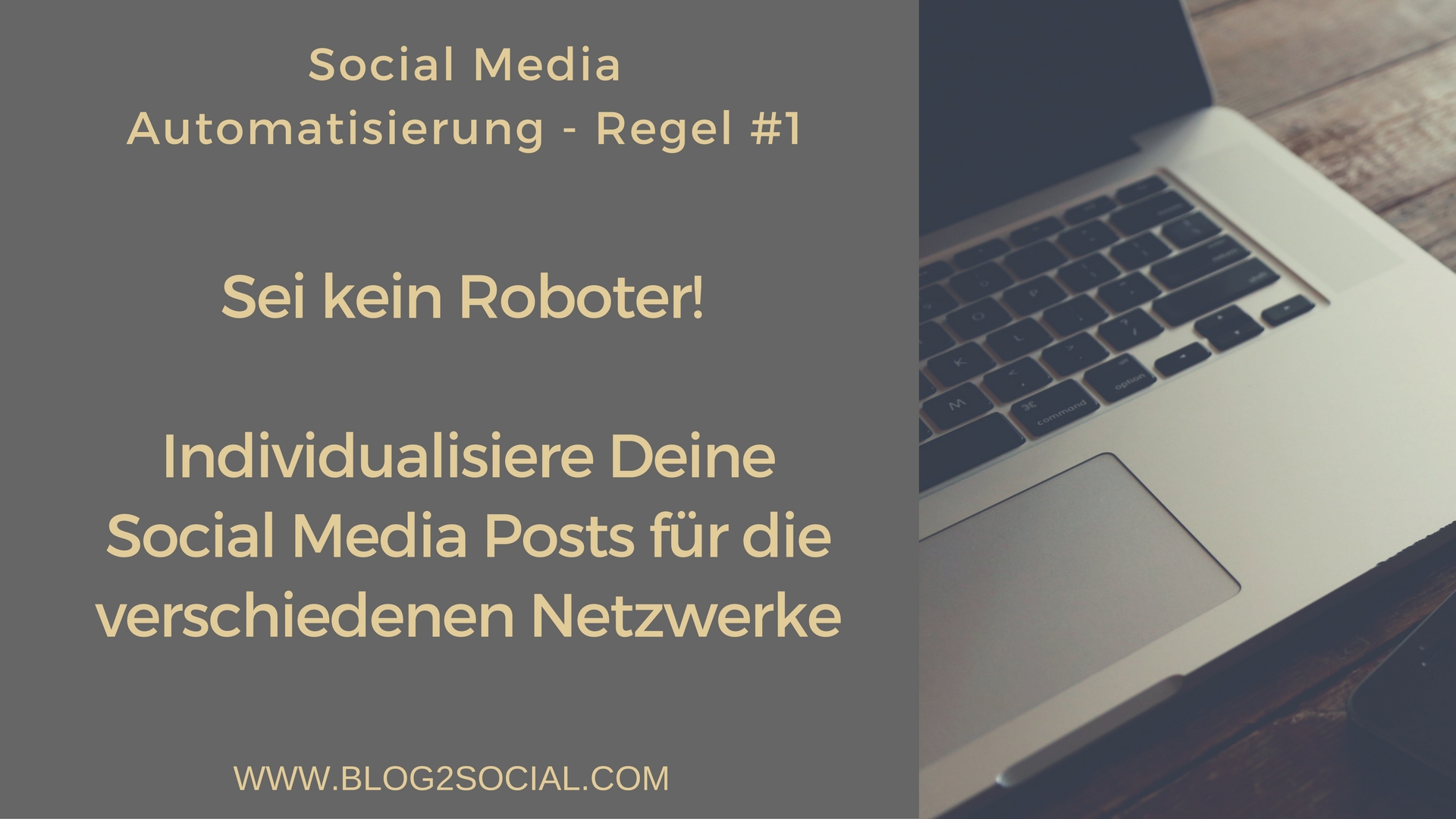 Cross Social Media Automatisierung mit optimierten Social Media Posts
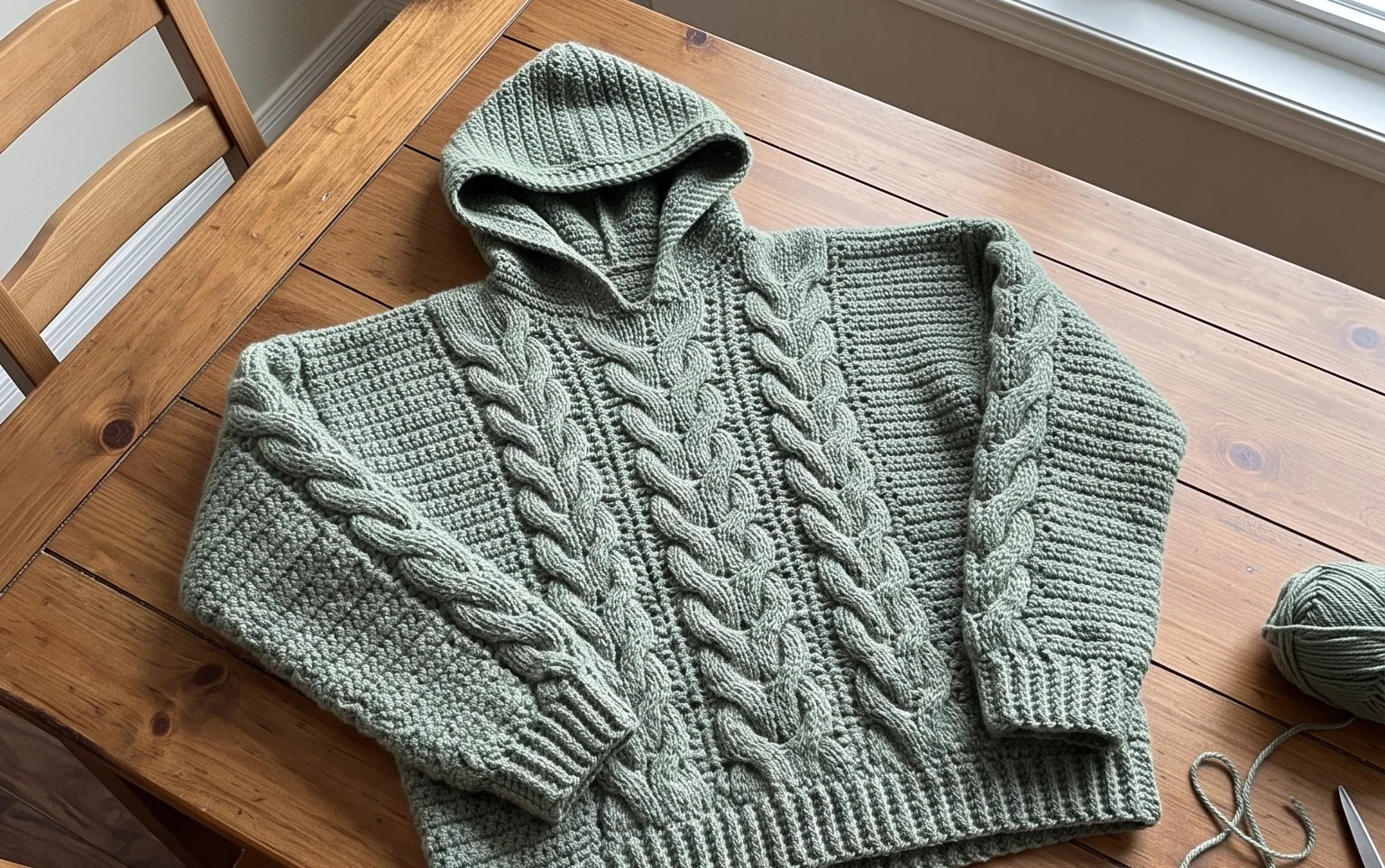 Easy Cable Stitch Hoodie: Free Pattern & Step-by-Step Video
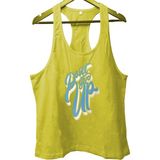 Top Glory Dontgiveup Fitness Gym Tank Top Sporcu Atleti - 2XL - Sarı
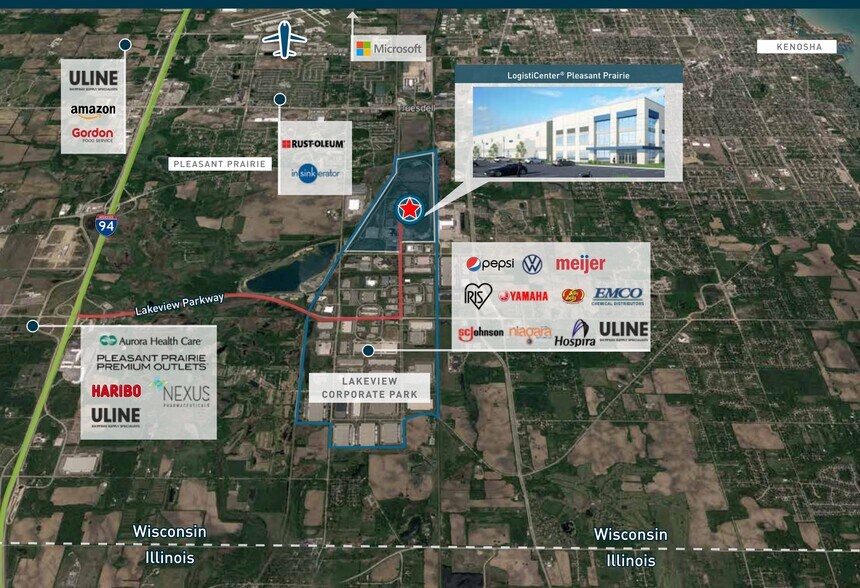 Primary Photo Of 8000 95th St, Pleasant Prairie Land For Lease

• [WORK TO BE COMPLETED]
Copy every line of the data exactly as written, excluding the pictures.

• [ANSWER TO THE PROBLEM]
 Cross Social Media Automatisierung mit optimierten Social Media Posts
 Easy Cable Stitch Hoodie: Free Pattern & Step-by-Step Video
 Top Glory Dontgiveup Fitness Gym Tank Top Sporcu Atleti - 2XL - Sarı
 Primary Photo Of 8000 95th St, Pleasant Prairie Land For Lease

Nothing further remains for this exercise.